Part-2: How to Design an ML System for ETA Prediction in Ride-Hailing Services

#18 Building the Solution – Model Selection, Training Strategies, and Deployment Pipeline

Mar 11, 2025

In Part 1, we established a solid foundation by carefully framing the problem, identifying impactful features, and performing essential feature engineering for ETA prediction. We asked critical questions to align our ML system with business requirements and technical constraints, and defined ETA prediction as a supervised regression task. If you missed it, you can catch up on Part 1 here.

In this Part 2, we'll focus on the next critical steps: selecting the right ML model, designing training strategies, evaluating the model effectively, and establishing a reliable deployment pipeline.

**ML Model Serving Pipeline for Real-Time ETA Prediction.** User requests trigger feature extraction from real-time data, followed by predictions using a hybrid approach (XGBoost for speed and Wide-Deep-Recurrent model for refinement).
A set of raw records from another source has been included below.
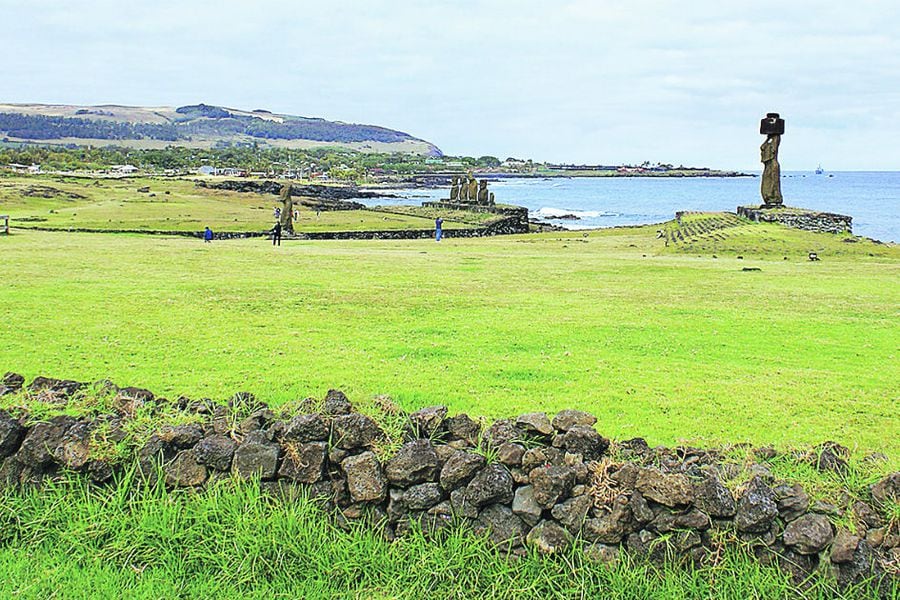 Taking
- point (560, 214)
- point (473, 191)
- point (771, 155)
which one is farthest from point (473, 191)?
point (560, 214)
Continuous monitoring and user feedback further enhance model accuracy through iterative retraining.

Model Selection: Choosing the Right ML Approach

Selecting an appropriate model for ETA prediction is crucial for balancing accuracy, inference speed, and scalability. Considering the complexity and real-time nature of ride-hailing ETA predictions, traditional models like Gradient Boosted Decision Trees (GBDT) and Factorization Machines (FM) show clear limitations. GBDT models typically struggle with handling large feature sets efficiently, while FM heavily depends on manually engineered feature representations, limiting its ability to capture complex, real-world interactions.

Given the vast scale and dynamic nature of traffic data, two promising options emerge:

Option 1: XGBoost (Optimized Gradient Boosted Trees)

XGBoost is highly effective for structured tabular data, offering rapid inference and interpretability. It naturally handles non-linear relationships among features (such as road type and traffic conditions) and efficiently manages high-dimensional data with minimal computational overhead. Its interpretability is advantageous, providing clear insights through feature importance metrics. However, its lack of sequential learning capabilities can limit its effectiveness in modeling rapidly changing traffic scenarios over extended routes.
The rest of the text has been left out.